Cessi il fuoco

lunedì 24 febbraio 2025


Ci fu un momento in cui Uomini o Signori su una porta, Donne o Signore sull’altra iniziò a sembrare mancanza di fantasia. Così qualcuno osò incollare un cilindro e un cappello piumato, qualcun altro pensò che lui e lei fossero comunque un azzardo.

Pian piano il mondo è cambiato, e distinguere le porte delle toilette è diventato un’arte multimediale. Pittori, poeti, letterati, umoristi sono usciti dalla tana e hanno iniziato, dapprima timidamente, a piazzare Romei e Giuliette, cagnetti e cagnette, Topolini e Minnie, tacchi alti e tacchi bassi.

Creativi un po’ ecumenici disegnano Wo in un uscio, Men in quello accanto.

I maliziosi stilizzano pesche e banane, bulloni e dadi, intrecciano lunghi fili rendendoli vagamente fallici, mentre altri ovaleggiano senza appeal. I più rozzi non si trattengono dallo sparare balls e no balls.

Arguti, mettono alla prova la fantasia della gente schiaffando un bla su un’entrata e un bla bla bla bla bla bla sull’altra: i meno recettivi sono destinati a irrompere nei sanitari altrui, ma era un rischio calcolato. Che diviene una quasi certezza quando un piccolo ristoratore di Cascais ordisce una trappola: in piccolo, not for, in grande, Women, e, naturalmente, lo stesso per i Men. Qui le invasioni rasentano l’ottanta per cento, il ristoratore conta gli urletti e traccia statistiche.

Come sempre, effetti collaterali: esplode la Restroom art, ma i meno gioviali iniziano a covare progetti variegati fin dal primo bla. In nome di non si sa quale parità i bagni dovrebbero essere indifferenziati, o, in alternativa, moltiplicarsi a seconda del numero dei sessi immaginati dai creatori di gender infiniti.

Bagni in comune con qualche imbarazzo e forse qualche violenza non sempre soft.
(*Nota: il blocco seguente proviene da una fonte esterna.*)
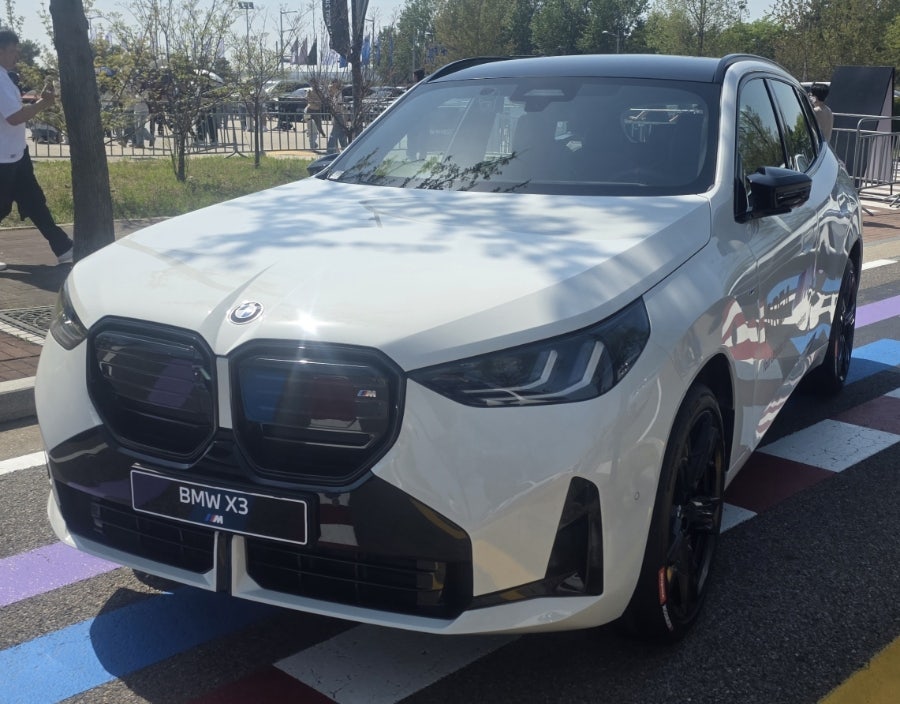 BMW X3 SPOT 대표 이미지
I pluri-gender vorrebbero occupare tutti gli spazi del locale, che diventerebbe full Wc, perché non rimarrebbe più neppure un metro per la macchina del caffè.

È vero, il mondo va avanti, ma la convivenza si dovrebbe costruisce evitando le forzature. Quello delle pubbliche latrine è un esempio che fa capire come si usi qualsiasi spunto per inventare un progresso sociale pretestuoso con il risultato di cementare le posizioni. Ci si può ancora permettere di evitare i distinguo fra le mille sfumature di omo, ma le polemiche e le richieste eccessive generano attacchi verbali nei confronti di non-etero (va bene così?) evitabili in un clima sereno.
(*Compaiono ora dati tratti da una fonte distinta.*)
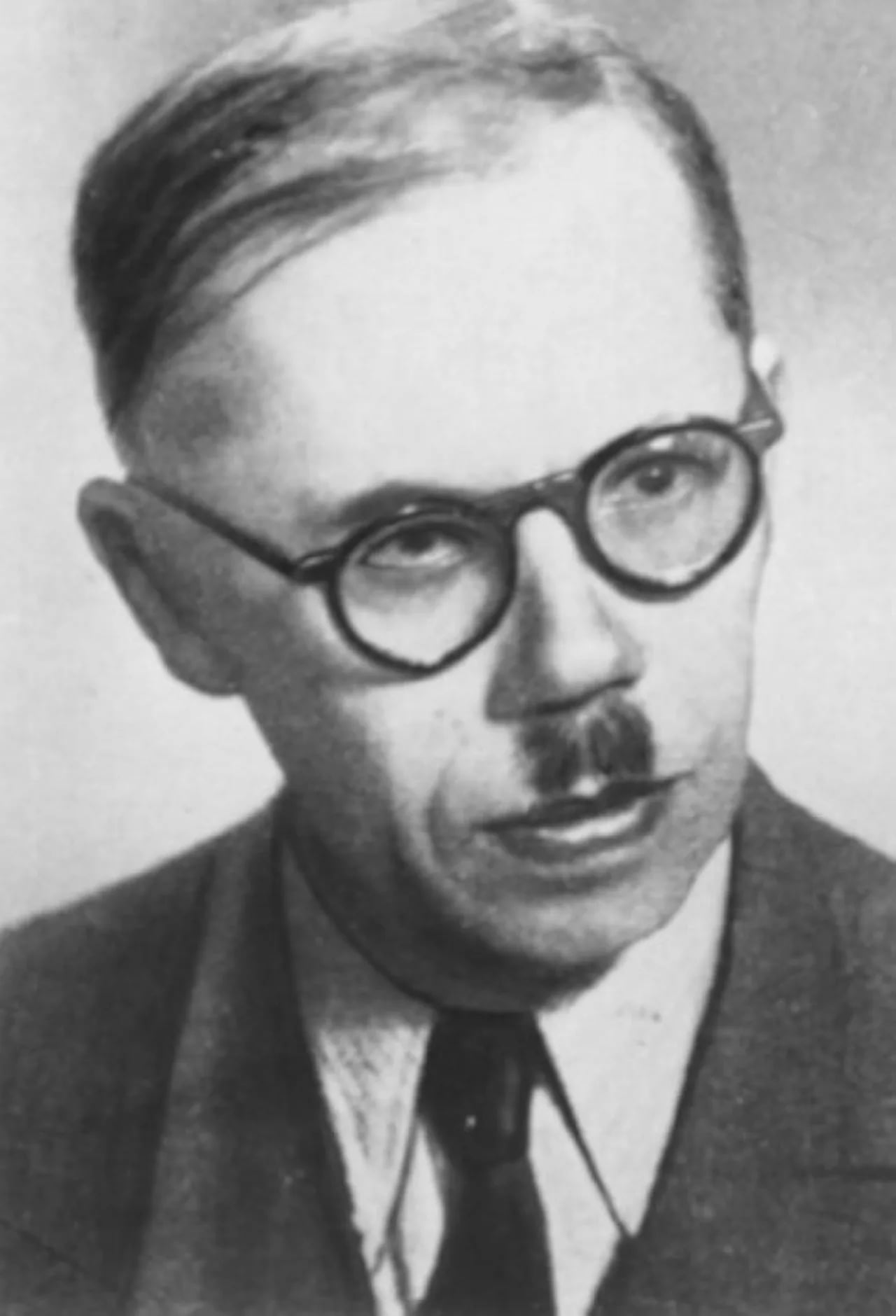 Portrait of Henryk Łowmiański (1898–1984) – memorial page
Ma la ragione sembra essere appannaggio esclusivo di chi non accetta obiezioni al proprio assolutismo. In tutti i temi, compreso quello dei souvenir. Perché il perfetto green lgbtomizzato sembra ossessionato dall’imposizione di ogni regola che possa paralizzare la società.

La crociata di un conduttore radiofonico parte molto soft, con le cartoline che non si mandano più, ma si comprano lo stesso e si regalano come souvenir di viaggi. Informa sulle floride entrate che i ricordini, e non solo quelli di cartoncino, assicurano al belpaese. Poi, improvvisamente si rabbuia, il suo volto è molto preoccupato, lo è visibilmente, anche attraverso la radio.
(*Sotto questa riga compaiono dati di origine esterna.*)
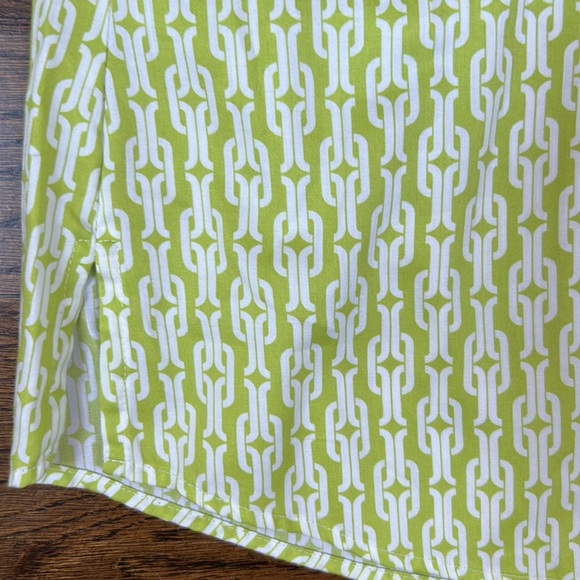 Foxcroft Button Down Size 8 - Picture 5 of 5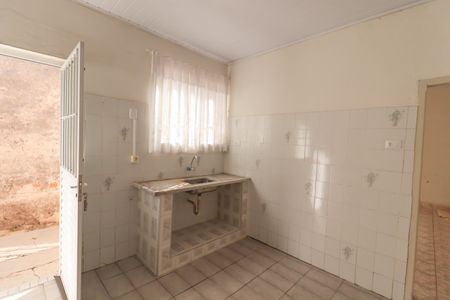 Casa à venda com 234m², 3 quartos e 1 vaga Casa à venda com 234m², 3 quartos e 1 vagaCozinha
Predica inventando la parabola dei souvenir sostenibili, aggettivo che, all’inizio, sembra buttato lì. Ma poi semina il terrore, non sia mai che qualcuno possa acquistare un piccolo Colosseo o una torrina di Pisa, magari di quelle che ci preannunciano il maltempo, senza chiedersi come siano state fabbricate, quali possano essere i loro impatti nella nostra vita, nell’aria, e, alla fine, parola magica, nel pianeta.

Qualcuno cambia canale, qualcun altro non immagina come si faccia a sapere se il piccolo Cupolone in offerta speciale-giubileo sia proprio green-green. Il conduttore non lo spiega, ma si esibisce in pause solenni, quelle che invitano a riflessioni profonde chi non sa nemmeno di che cosa si stia parlando.

Idea, portiamo ad amici e parenti modellini di latrine spiritose. Garantiamo la loro sostenibilità, concetto più fumoso di un sigaro cubano.

Ma cessiamo di raccontare assurdità.